(Short web captions)

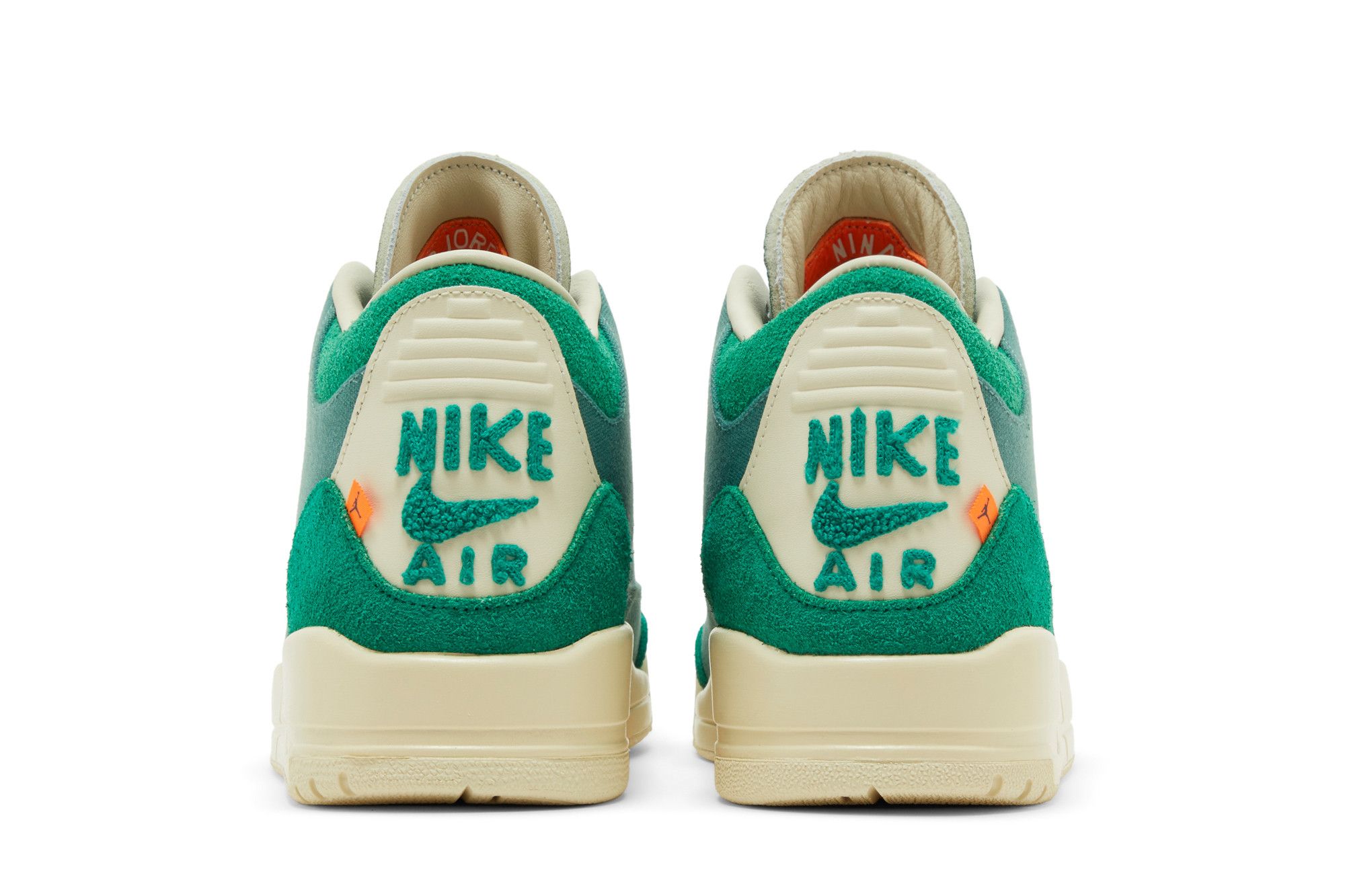 Sizing (W) Nina Chanel Abney x Air Jordan 3 Retro SP ''Bicoastal'' FZ7974-300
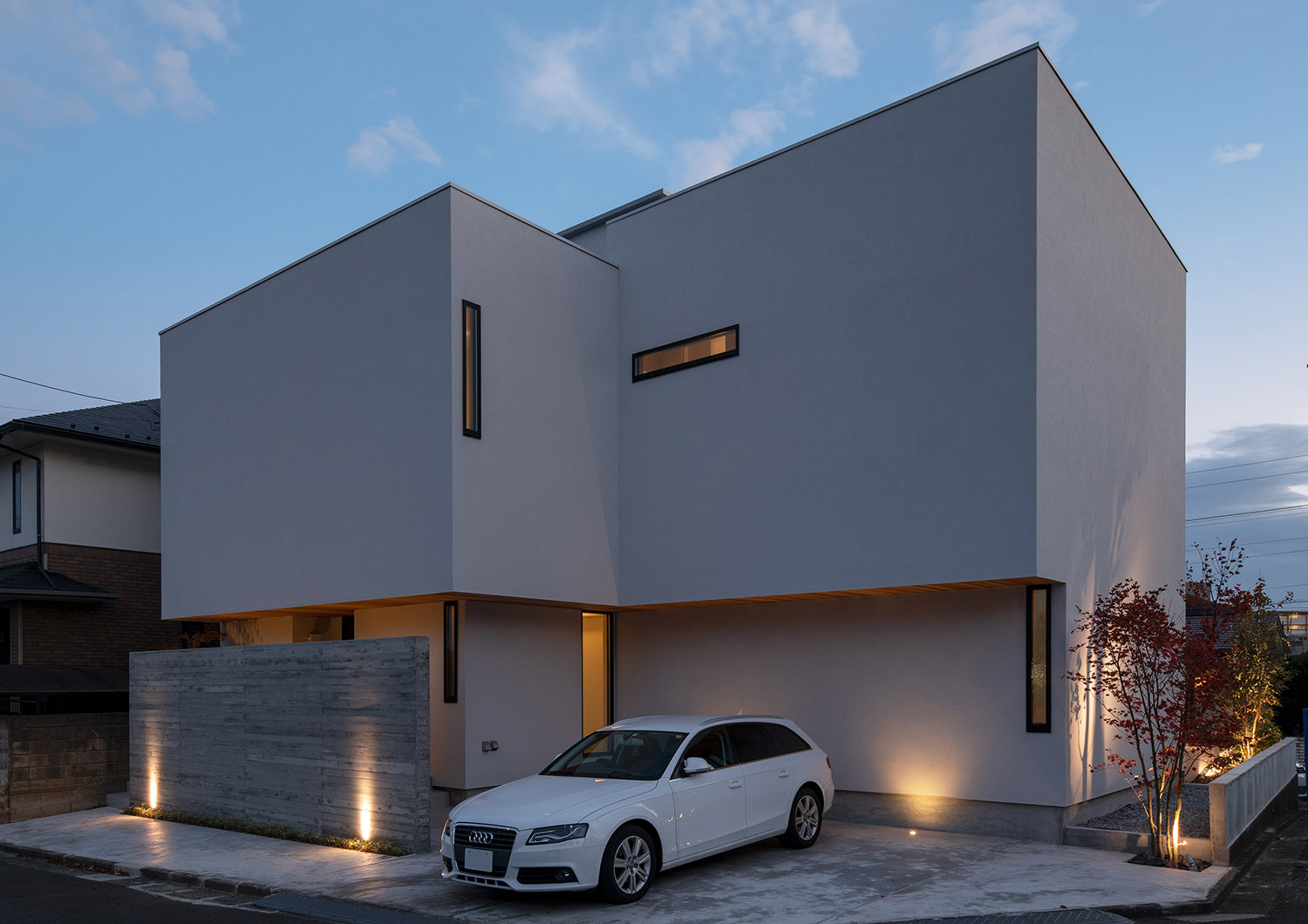 壁や植栽が床に埋め込まれた照明に照らされる白いスクエアな外観の家・デザイン住宅 注文住宅・デザイン住宅建築実例_『CASE756 utsuwa』_外観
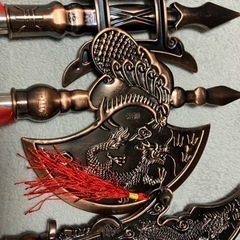 三国志の武器のミニレプリカ　舞台、装飾に！の画像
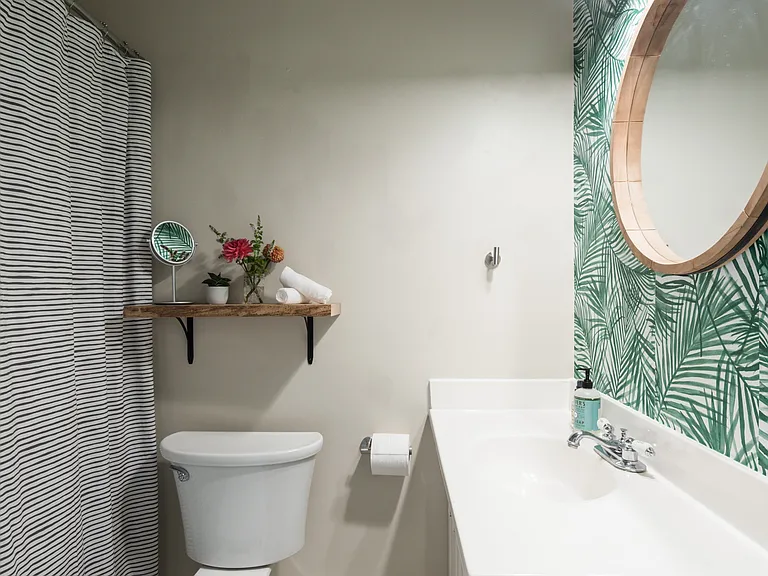 7468 N Huron Ave #1 — Photo 14
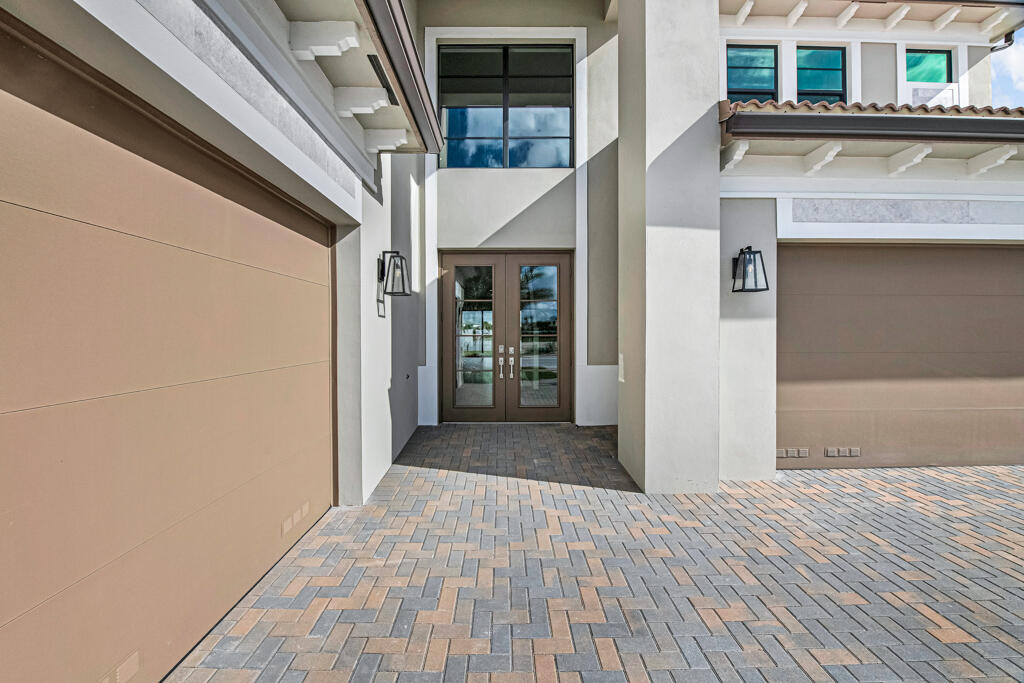 10028 Cloud View Property Photo 6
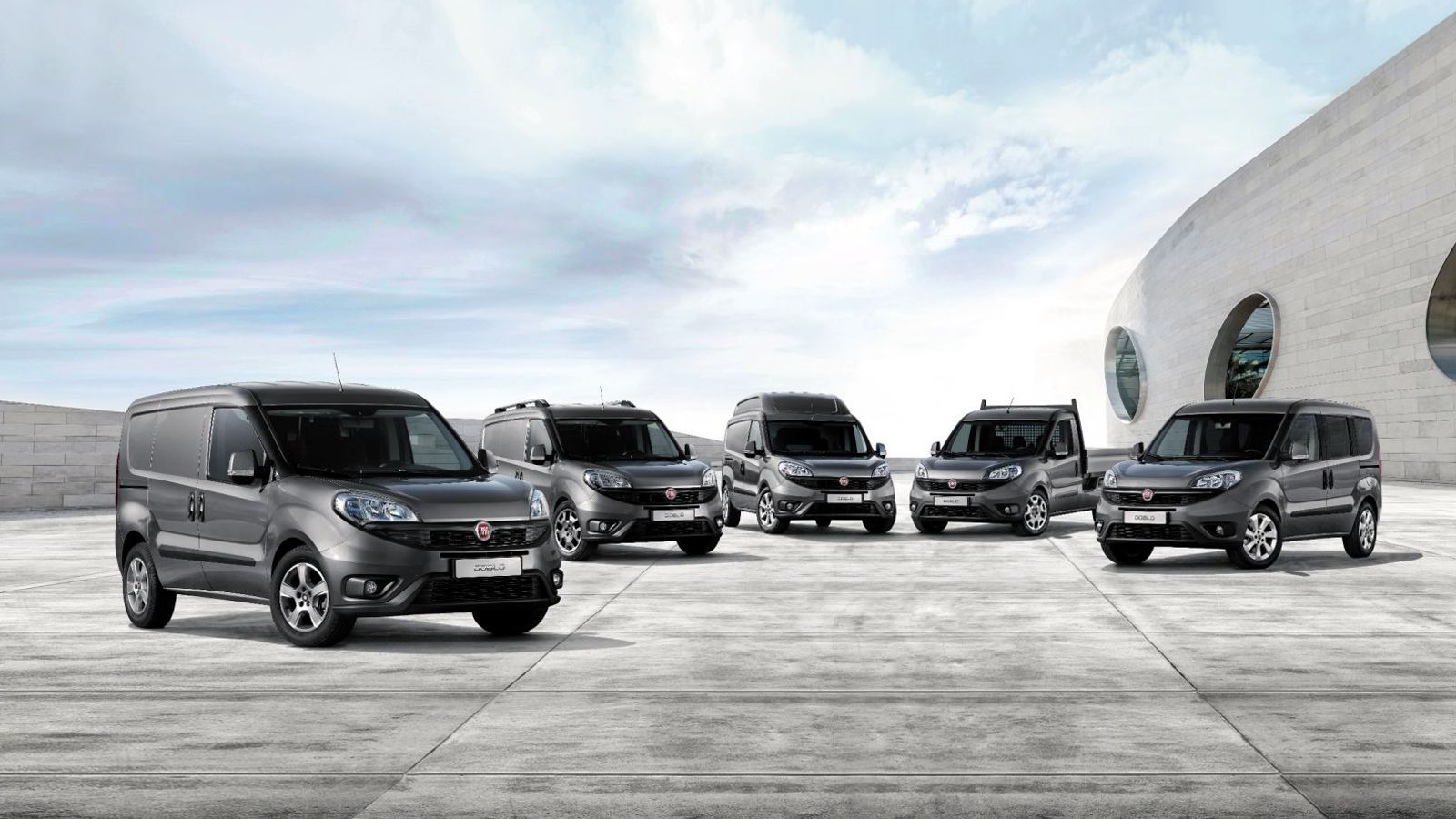 Όλες οι εκδόσεις της πληρέστατης γκάμας του Fiat Doblo είναι διαθέσιμες με Όφελος 2.100 ευρώ και εξόφληση σε έως και 48 άτοκες δόσεις. 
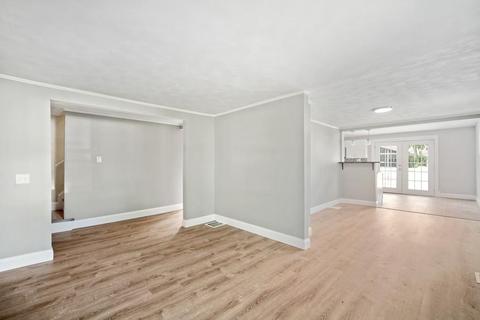 60 Marble Ave, Chicopee, MA 01013 photo 9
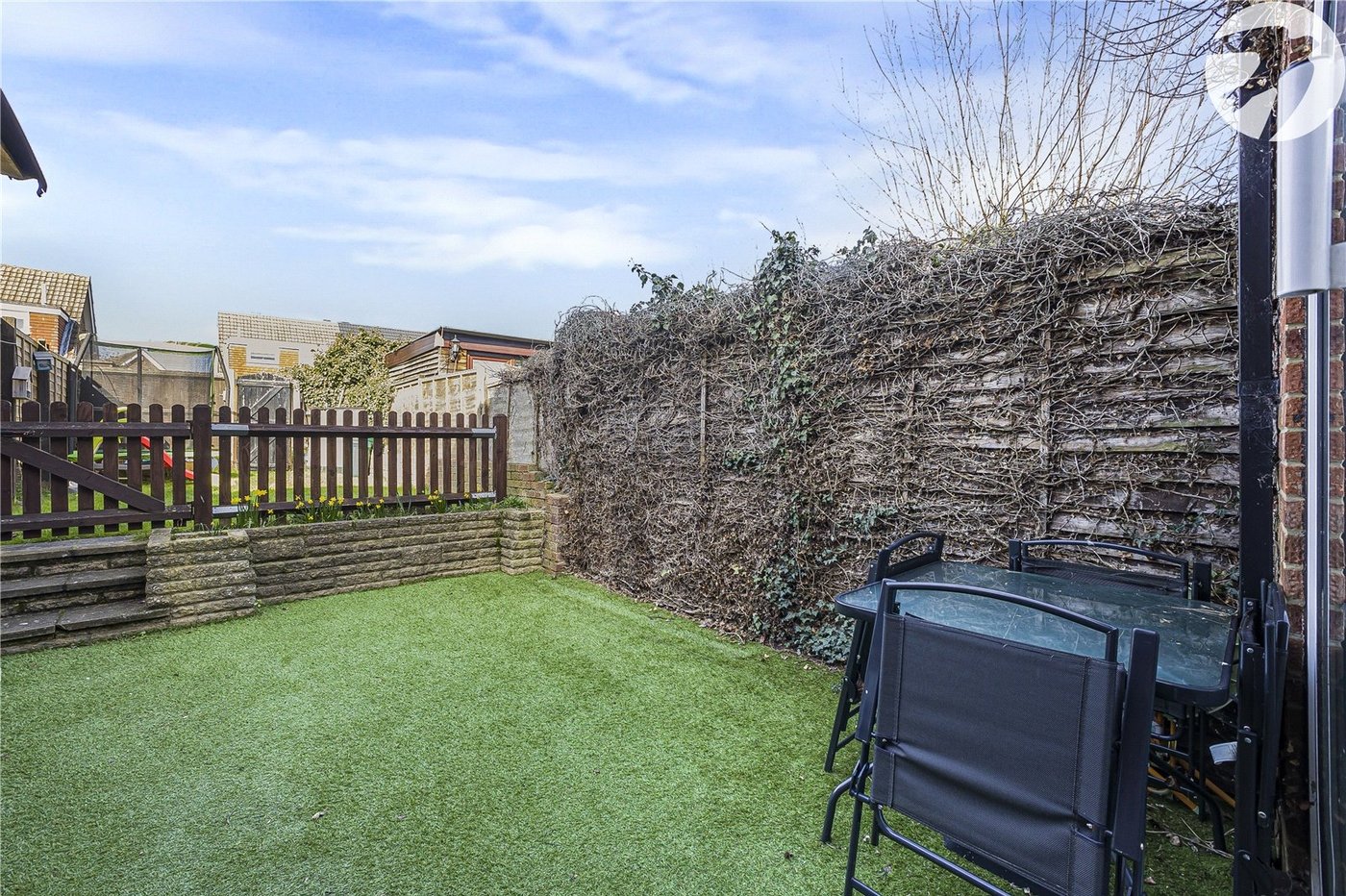 2 bedroom house for sale in Hextable | Robinson Jackson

_Your goal_
Copy nothing but the lines from the line holding "7468 N Huron Ave #1 — Photo 14" through the last line of the entries, exactly, while leaving out the pictures.

_Exercise result_
 7468 N Huron Ave #1 — Photo 14
 10028 Cloud View Property Photo 6
 Όλες οι εκδόσεις της πληρέστατης γκάμας του Fiat Doblo είναι διαθέσιμες με Όφελος 2.100 ευρώ και εξόφληση σε έως και 48 άτοκες δόσεις. 
 60 Marble Ave, Chicopee, MA 01013 photo 9
 2 bedroom house for sale in Hextable | Robinson Jackson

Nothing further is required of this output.